From the entries below, retype only the lines from the one with "Sejumlah ruas utama" through the one with "The Luxe Manor", exactly as written.

____ Given information

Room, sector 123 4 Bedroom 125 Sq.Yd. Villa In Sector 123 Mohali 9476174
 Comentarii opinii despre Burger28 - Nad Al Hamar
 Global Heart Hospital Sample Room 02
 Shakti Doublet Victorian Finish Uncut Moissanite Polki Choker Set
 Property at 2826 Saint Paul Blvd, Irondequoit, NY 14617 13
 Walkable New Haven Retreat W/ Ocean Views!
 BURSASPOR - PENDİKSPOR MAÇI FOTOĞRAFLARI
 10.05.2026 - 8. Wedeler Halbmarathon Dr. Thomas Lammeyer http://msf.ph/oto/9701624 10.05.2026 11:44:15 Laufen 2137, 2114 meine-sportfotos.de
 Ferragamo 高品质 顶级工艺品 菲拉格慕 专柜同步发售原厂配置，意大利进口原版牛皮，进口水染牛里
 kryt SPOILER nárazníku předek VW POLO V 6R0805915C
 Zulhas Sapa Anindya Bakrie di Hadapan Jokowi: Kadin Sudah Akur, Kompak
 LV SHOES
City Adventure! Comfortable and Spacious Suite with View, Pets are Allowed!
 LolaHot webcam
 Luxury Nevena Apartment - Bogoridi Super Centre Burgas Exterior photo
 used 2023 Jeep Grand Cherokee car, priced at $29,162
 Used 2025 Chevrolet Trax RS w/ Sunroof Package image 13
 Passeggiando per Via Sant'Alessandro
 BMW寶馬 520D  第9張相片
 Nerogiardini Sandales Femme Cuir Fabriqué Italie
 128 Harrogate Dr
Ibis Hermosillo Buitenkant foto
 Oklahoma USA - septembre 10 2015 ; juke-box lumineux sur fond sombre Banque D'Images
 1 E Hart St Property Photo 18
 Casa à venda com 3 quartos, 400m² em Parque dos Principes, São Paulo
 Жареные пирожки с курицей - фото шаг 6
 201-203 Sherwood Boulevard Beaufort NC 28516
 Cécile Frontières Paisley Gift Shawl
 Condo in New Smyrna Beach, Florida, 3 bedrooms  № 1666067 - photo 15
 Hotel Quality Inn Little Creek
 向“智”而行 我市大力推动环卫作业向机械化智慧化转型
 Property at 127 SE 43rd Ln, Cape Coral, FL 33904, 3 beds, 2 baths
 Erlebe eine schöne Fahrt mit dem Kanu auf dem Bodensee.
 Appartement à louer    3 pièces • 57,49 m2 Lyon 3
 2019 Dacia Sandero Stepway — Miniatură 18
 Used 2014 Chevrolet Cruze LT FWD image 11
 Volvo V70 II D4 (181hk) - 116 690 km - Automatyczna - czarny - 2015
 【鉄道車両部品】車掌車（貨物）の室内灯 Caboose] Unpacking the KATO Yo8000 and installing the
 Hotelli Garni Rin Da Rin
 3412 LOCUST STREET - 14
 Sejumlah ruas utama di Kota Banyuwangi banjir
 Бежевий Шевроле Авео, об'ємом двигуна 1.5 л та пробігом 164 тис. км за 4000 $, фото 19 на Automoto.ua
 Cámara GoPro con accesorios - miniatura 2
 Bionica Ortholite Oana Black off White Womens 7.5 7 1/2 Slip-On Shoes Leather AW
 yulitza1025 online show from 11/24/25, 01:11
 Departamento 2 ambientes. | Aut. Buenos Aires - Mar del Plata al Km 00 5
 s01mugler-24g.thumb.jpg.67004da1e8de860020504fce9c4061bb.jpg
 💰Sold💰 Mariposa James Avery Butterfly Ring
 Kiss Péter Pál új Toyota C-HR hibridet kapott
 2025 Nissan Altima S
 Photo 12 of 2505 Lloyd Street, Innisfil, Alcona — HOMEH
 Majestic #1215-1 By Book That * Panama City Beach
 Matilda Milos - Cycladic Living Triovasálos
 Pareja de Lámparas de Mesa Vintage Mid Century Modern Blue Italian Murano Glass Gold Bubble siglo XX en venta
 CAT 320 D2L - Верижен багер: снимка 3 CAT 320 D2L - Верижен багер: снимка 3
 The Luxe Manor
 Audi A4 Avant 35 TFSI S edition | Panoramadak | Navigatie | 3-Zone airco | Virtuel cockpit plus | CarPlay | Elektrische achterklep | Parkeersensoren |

________

» **Written response**
 Sejumlah ruas utama di Kota Banyuwangi banjir
 Бежевий Шевроле Авео, об'ємом двигуна 1.5 л та пробігом 164 тис. км за 4000 $, фото 19 на Automoto.ua
 Cámara GoPro con accesorios - miniatura 2
 Bionica Ortholite Oana Black off White Womens 7.5 7 1/2 Slip-On Shoes Leather AW
 yulitza1025 online show from 11/24/25, 01:11
 Departamento 2 ambientes. | Aut. Buenos Aires - Mar del Plata al Km 00 5
 s01mugler-24g.thumb.jpg.67004da1e8de860020504fce9c4061bb.jpg
 💰Sold💰 Mariposa James Avery Butterfly Ring
 Kiss Péter Pál új Toyota C-HR hibridet kapott
 2025 Nissan Altima S
 Photo 12 of 2505 Lloyd Street, Innisfil, Alcona — HOMEH
 Majestic #1215-1 By Book That * Panama City Beach
 Matilda Milos - Cycladic Living Triovasálos
 Pareja de Lámparas de Mesa Vintage Mid Century Modern Blue Italian Murano Glass Gold Bubble siglo XX en venta
 CAT 320 D2L - Верижен багер: снимка 3 CAT 320 D2L - Верижен багер: снимка 3
 The Luxe Manor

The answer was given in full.